Barcelona

Tom Drahos

Fundació La Caixa

Although he considers himself a photographer, Tom Drahos uses almost any medium in his work: sculpture, photography, video, painting, and film. He has been one of many artists to liberate photography from the conventions that limit it to representation, and he has tried to replace and substitute the familiar representation with a conceptual significance. Originally from Czechoslovakia, Drahos left Prague after the 1968 revolution. He then moved to Paris, and after a 22-year absence returned to his native city to photograph everything he saw, every route he followed, and everyone he met, stubbornly following a scenario he had invented. He then developed, one by one, each of the thousand images he had taken during the trip, grouped them into panels of eight to ten images, and tinted them. In one of the two installations here, Praga (Prague, 1991), Drahos built a bridge, reminiscent of an old metal one that unites two churches in Prague. He then placed a video monitor at each end of the simulated bridge. Each monitor was enclosed in a floor plan of the church at the respective end of the bridge; on the bridge there were crystal pots containing Drahos’ photographs from his trip. On the walls, the panels of grouped, tinted photographs had been removed at the last minute, leaving the newly created “architecture” by itself.

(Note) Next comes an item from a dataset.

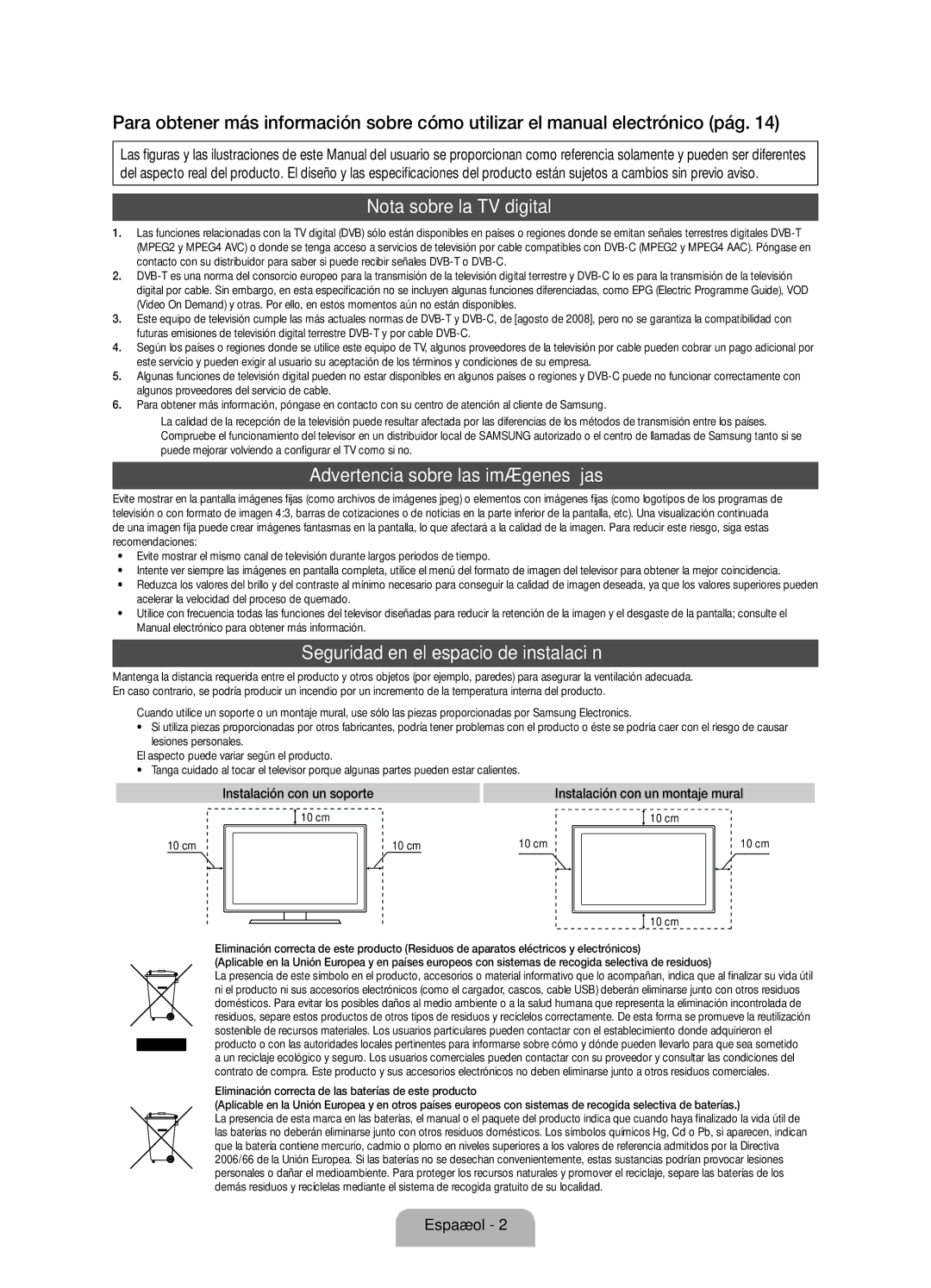 Samsung UE46D8000YSXXC, UE40D8000YSXXH, UE60D8000YSXXC manual Nota sobre la TV digital, Advertencia sobre las imágenes fijas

L’Estaque, 1989, not specifically done for this exhibition, was also shown. The French Ministry of Culture invited several artists to work in the area of L’Estaque, a town almost destroyed by industry since the time when Cezanne, Renoir, Derain, Dufy, and Braque worked there. Arriving at L’Estaque, Drahos was impressed by the famous rock, which, he believed, had surely witnessed the transformation of the area calmly, remaining unaltered, unaffected. He then photographed it, altered the photographs, and placed them within the figure of an Indian bird, symbolizing the uncertain future of the area. He also installed different images of the same stone, painted and tinted, cut, turned, ground, and transformed into a different substance to show the development of the town.

Drahos’ installations are really an excuse for photography, and for exposing photography. He submits the medium to the most violent experiments that question photographic images. His work has evolved from an almost journalistic, reportorial form to a “plastic happening in five dimensions.” He tries to transform photography, just as most 20th-century painters have tried to transform their medium. Interested in the different processes, transformation, mutilation, modification and metamorphosis of matter, he plays with the intangible energy of photographic material, paper, chemistry, and image, rather than just the end result. For him a photograph reduced to ashes holds as much of the substance of the picture as the original, intact image. Time modifies different substances, and Drahos’ work echoes the big bang. He shows the metamorphosis of a work of art, here a photograph, from beginning to end, following the path of the mind, and ultimately crystalizing a dream.